Adam Hunger/Getty Images(NEW YORK) — Major League Baseball held a league-wide moment of silence before games Sunday, and individual players held personalized tributes in honor of Florida Marlins’ pitcher Jose Fernandez, who was among the league’s most gifted and accomplished young stars.
Throughout games hosted in Toronto, Tampa Bay, Cleveland, Detroit and New York, among other cities, players and fans bowed their heads in remembrance of Fernandez, who was one of three men killed in a boating accident that occurred near Miami at around 3:15 a.m., authorities said.
The Miami Dolphins of the NFL also held a moment of silence for Fernandez, who starred for their neighboring team.
Individually, players like Yasiel Puig of the Los Angeles Dodgers and Yoenis Cespedes of the New York Mets taped #16 jerseys to the inside of their teams’ respective dugouts in honor of Fernandez. Puig and Cespedes, like Fernandez, fled Cuba to play baseball in the U.S.
Hall of Fame pitcher Pedro Martinez, who is now a baseball commentator for TBS, called Fernandez “a better talent than I was,” helping to frame for casual fans just how special of a talent Fernandez was, and what kind of future he could have had.
Advanced metrics suggest that Fernandez was not only great, or great for his age at just 24 years old, but arguably a generational pitching talent.
Since being called up by the Marlins as a 19-year-old player in 2013, only three-time Cy Young award winner Clayton Kershaw (2.00) has a lower Fielding Independent Pitching ratio (FIP) than Fernandez (2.43) during that time, a statistic created to determine a pitcher’s Earned Run Average that removes an emphasis on luck, according to Fangraphs.com, a website focused around baseball analytics.

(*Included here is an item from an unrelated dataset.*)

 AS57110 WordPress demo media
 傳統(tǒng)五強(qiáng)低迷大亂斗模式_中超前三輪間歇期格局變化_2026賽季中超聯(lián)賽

His ratio of strikeouts per nine innings over that stretch of time (11.25) is second only to Japanese-born powerhouse Yu Darvish of the Texas Rangers (11.62), according to Fangraphs.
Kershaw and Darvish were both several years older than Fernandez during his first four seasons, and 2016 demonstrated that the 24-year-old phenom was in the process of taking his game to an entirely different level.
His 2016 FIP (2.29) was the lowest in all of baseball before his untimely death, and his ratio of strikeouts per nine innings this season (12.49) dominated all other pitchers by an impressive margin.
In terms of Wins Above Replacement (WAR), a statistic created to summarize a player’s total contributions to their team, Fernandez’s 6.2 ranked the highest of any pitcher in baseball this season, according to Fangraphs.
As a result of these achievements, many commentators speculated that Fernandez had a strong chance to win a posthumous Cy Young award this season, an award that would acknowledge him as the best pitcher in the National League for this season.
Fernandez’s last game, a home start on Sept. 20 against the first place Washington Nationals was an absolute gem, and indicative of the kind of talent he possessed as a player.
Fernandez went eight innings for his 16th win of the season, striking out 12, and walking none. He allowed only three hits, two of which were singles.
Teammate Martin Prado, while speaking behalf of the team during a press conference on Sunday, said that Fernandez considered it to be among his best performances as a player.